◆ **What to do**: A word-for-word transcript of the closing lines is required: from the one with "INART ΡΑΦΙΕΡΑ ΜΕΤΑΛΛΙΚΗ/ΞΥΛΙΝΗ" through the final line of the data.

◆ **Input for this task**:
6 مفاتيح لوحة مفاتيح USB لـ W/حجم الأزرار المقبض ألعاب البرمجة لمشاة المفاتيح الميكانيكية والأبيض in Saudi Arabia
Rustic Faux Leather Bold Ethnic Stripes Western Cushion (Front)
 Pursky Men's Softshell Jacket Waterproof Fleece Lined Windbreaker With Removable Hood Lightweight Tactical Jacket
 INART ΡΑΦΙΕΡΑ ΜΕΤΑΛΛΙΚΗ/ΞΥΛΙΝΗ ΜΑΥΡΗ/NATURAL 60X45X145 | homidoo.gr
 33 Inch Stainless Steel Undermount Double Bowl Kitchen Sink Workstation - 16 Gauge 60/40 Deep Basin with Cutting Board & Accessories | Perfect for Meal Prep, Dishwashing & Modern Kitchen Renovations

◆ **Answer section**:
 INART ΡΑΦΙΕΡΑ ΜΕΤΑΛΛΙΚΗ/ΞΥΛΙΝΗ ΜΑΥΡΗ/NATURAL 60X45X145 | homidoo.gr
 33 Inch Stainless Steel Undermount Double Bowl Kitchen Sink Workstation - 16 Gauge 60/40 Deep Basin with Cutting Board & Accessories | Perfect for Meal Prep, Dishwashing & Modern Kitchen Renovations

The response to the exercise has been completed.